Cutting-edge tools help firms hone their strategies holistically

PUBLISHED : Wednesday, 23 May, 2007, 12:00am
UPDATED : Wednesday, 23 May, 2007, 12:00am

Enterprise risk management (ERM) is a buzzword in the boardrooms of insurance companies as insurers realise the importance of assessing risk in a more holistic manner.

ERM is a systematic process of comprehensively identifying critical risks, quantifying their impact and implementing integrated strategies to maximise the value of the enterprise.

The enterprise risk management concept emerged in the banking sector in Europe in the 1990s at a time when the industry was coming under many strict regulatory controls.

While ERM can be applied to virtually any sector, insurance companies have readily embraced the implementation of the concept, realising that the need to manage risk is fundamental to operating a successful business. Threats of natural disasters, which may be rising due to environmental factors such as global warming, and terrorism make the implementation of ERM much more pertinent.

'Enterprise risk management is increasingly becoming more of a core competency for our clients,' said David Lightfoot, regional manager of reinsurance broker Guy Carpenter's Instrat division in the Asia-Pacific.

The Instrat unit uses cutting-edge quantitative proprietary tools, simulation modelling techniques and sophisticated models to profile and measure risk in all business sectors to help insurers evaluate the effectiveness of their reinsurance purchases in an ERM context.

'Insurance companies have been carrying out ERM to various degrees over the years, but the validation of the concept globally by regulators and rating agencies, as well as tangible benefits to those who have adopted ERM strategies, have given it increased momentum,' Mr Lightfoot said.

'Insurance companies in many countries can sell their policies more successfully if they have a better rating from a rating agency, and a strong ERM process can, in part, help them raise that rating,' he said.

Going far beyond the parameters of simply assessing insurance risk that involves looking at underwriting decisions, catastrophic risks and available reserves to pay for insurance claims, the coverage of ERM extends to examining asset, credit and operational risks.

Asset risk centres on issues of how the downturn of securities markets could have an impact on the company's assets, whereas credit risk involves the risk of not collecting the full value of its receivables, such as reinsurance. Operational risks examined the risk of loss from inadequate or failed internal processes, systems, strategies or reputation, Mr Lightfoot explained.

'The ERM process identifies risks in all these areas and prioritises them in terms of which risks will have the most impact and how they can be mitigated so that risk can be reduced to an acceptable level,' he said.

Guy Carpenter assists its clients - insurance companies - to study, measure and help mitigate these risks in accordance with the companies' business strategies and overall tolerance for risk. It has developed a suite of tools to facilitate many aspects of ERM. The company also offers advice on how the process can be done.
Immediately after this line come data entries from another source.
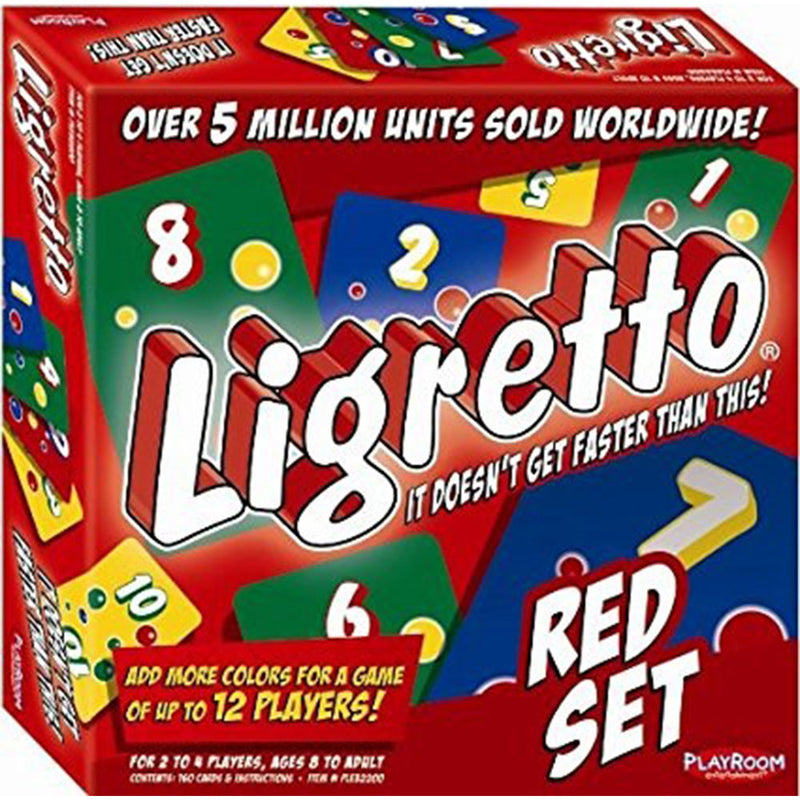 Sada hry z barevných karet Ligretto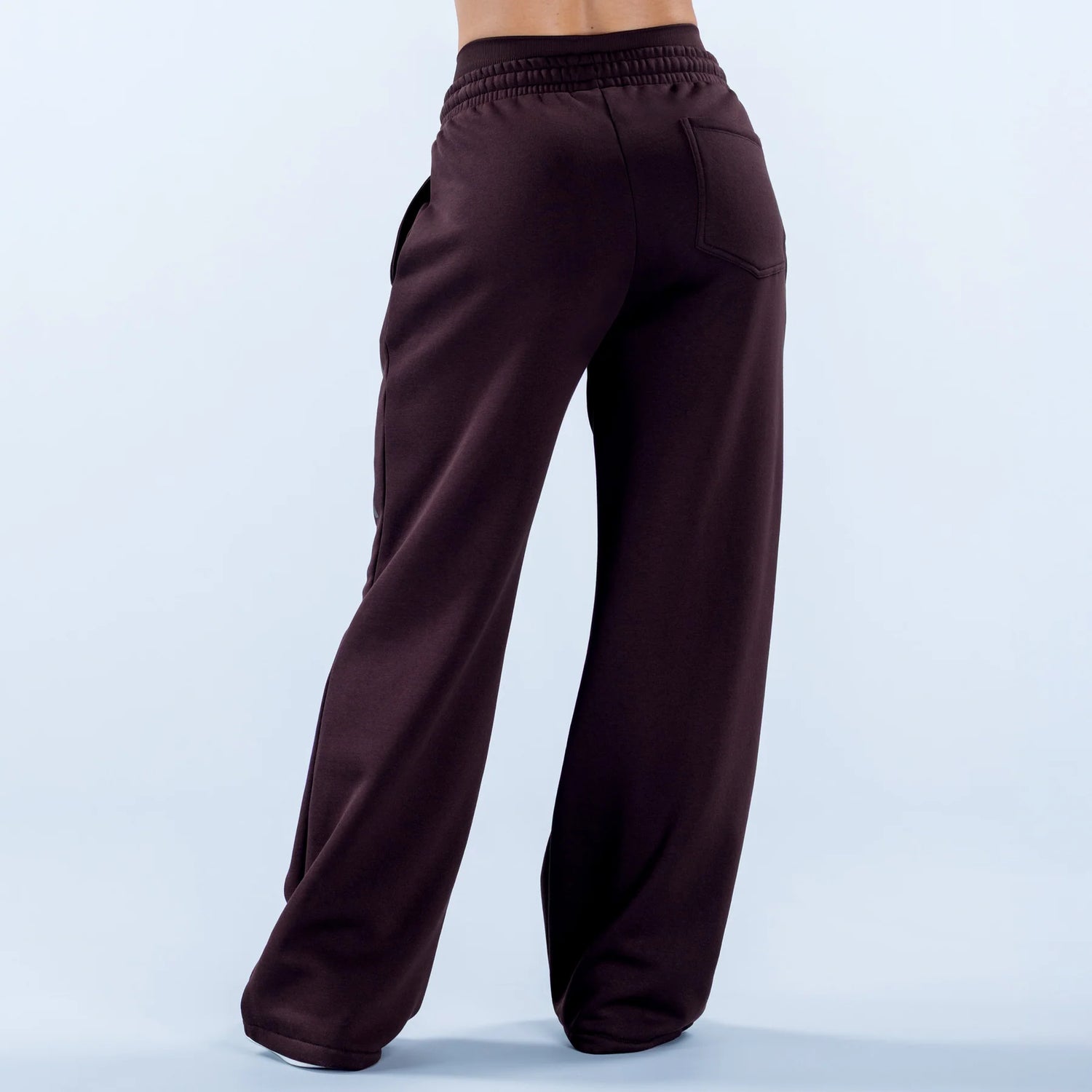 Signature Wide Leg Jogger - Espresso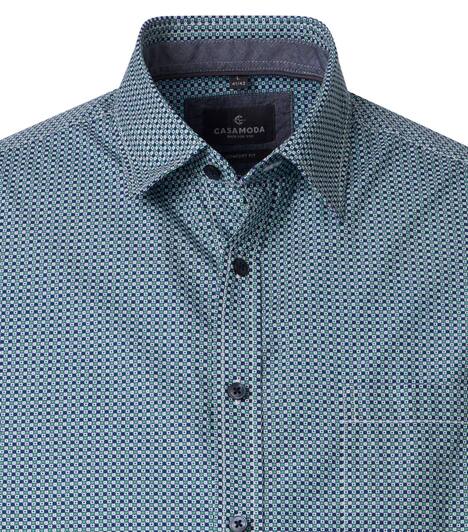 Freizeithemd Kurzarm Print Comfort Fit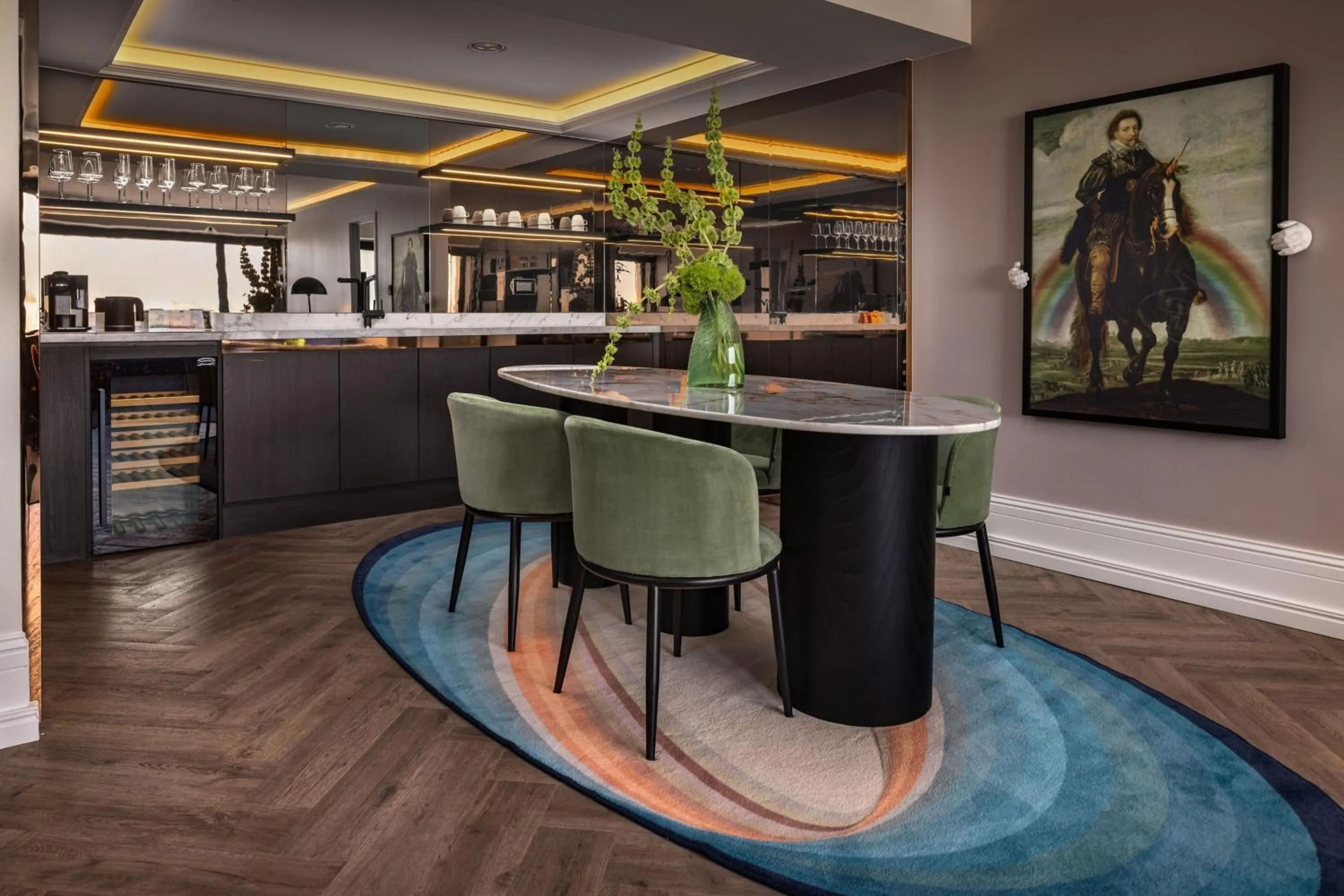 Kitchen or kitchenette in Cardo Brussels, Autograph Collection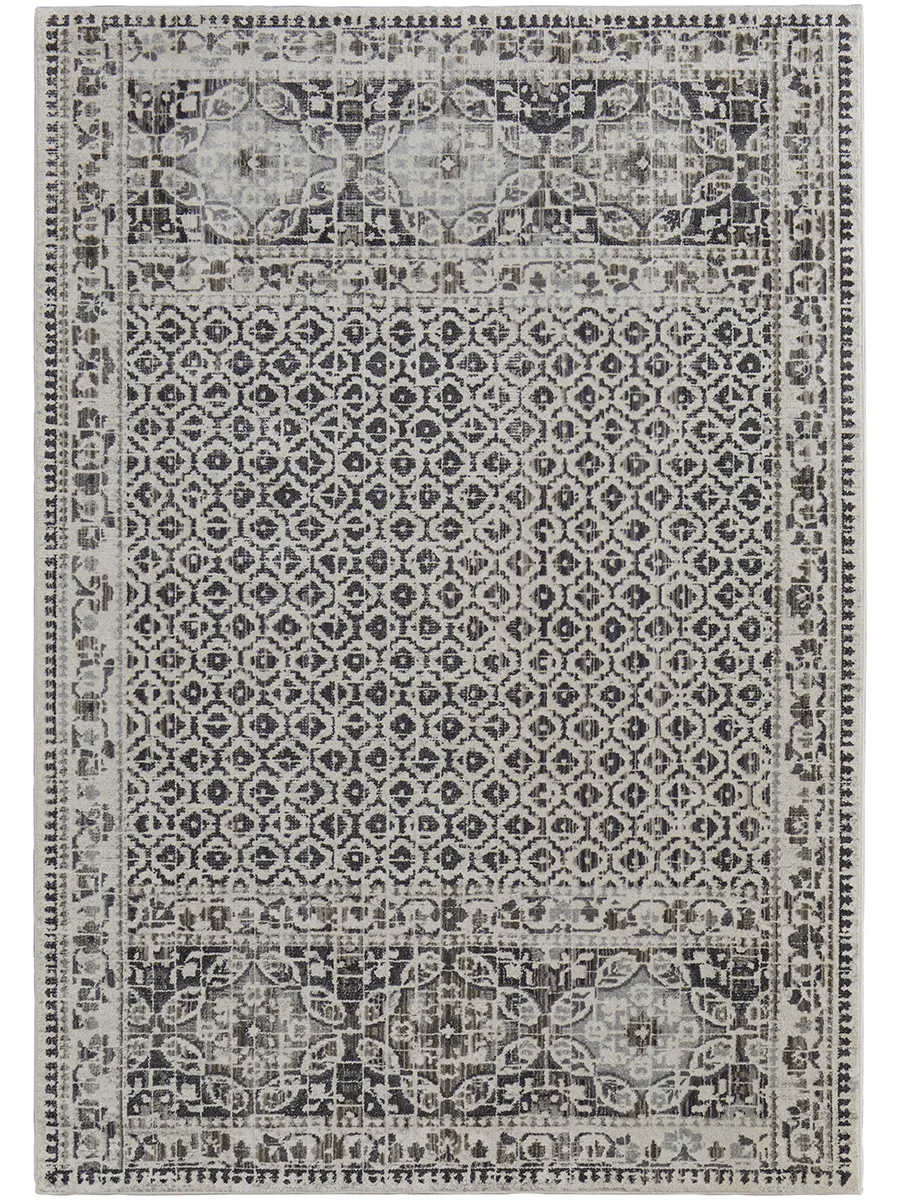 Kano 3874F Ivory/Taupe/Gray 4'3" x 6'3" Rug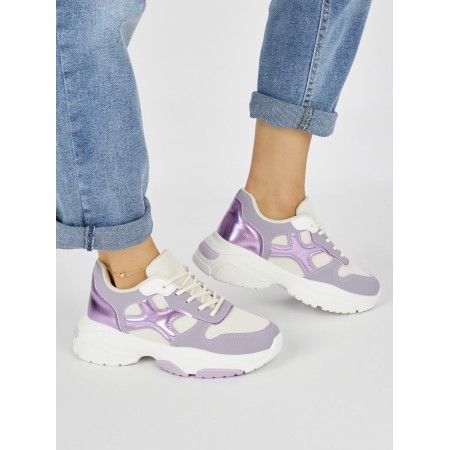 Laisvalaikio batai moteriški violetiniai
'ERM is not really something that should be totally outsourced because risk management is so fundamentally important to an insurance company. Insurance companies need to have ownership of their own ERM strategy, but we can certainly assist with several different aspects,' he said.

The company recently published a how-to guide that offers property and liability insurance clients practical advice on implementing enterprise risk analysis. The Enterprise Risk Analysis manual covers models and management frameworks, insurance hazard risks, financial risk models, operational risk and strategic risk.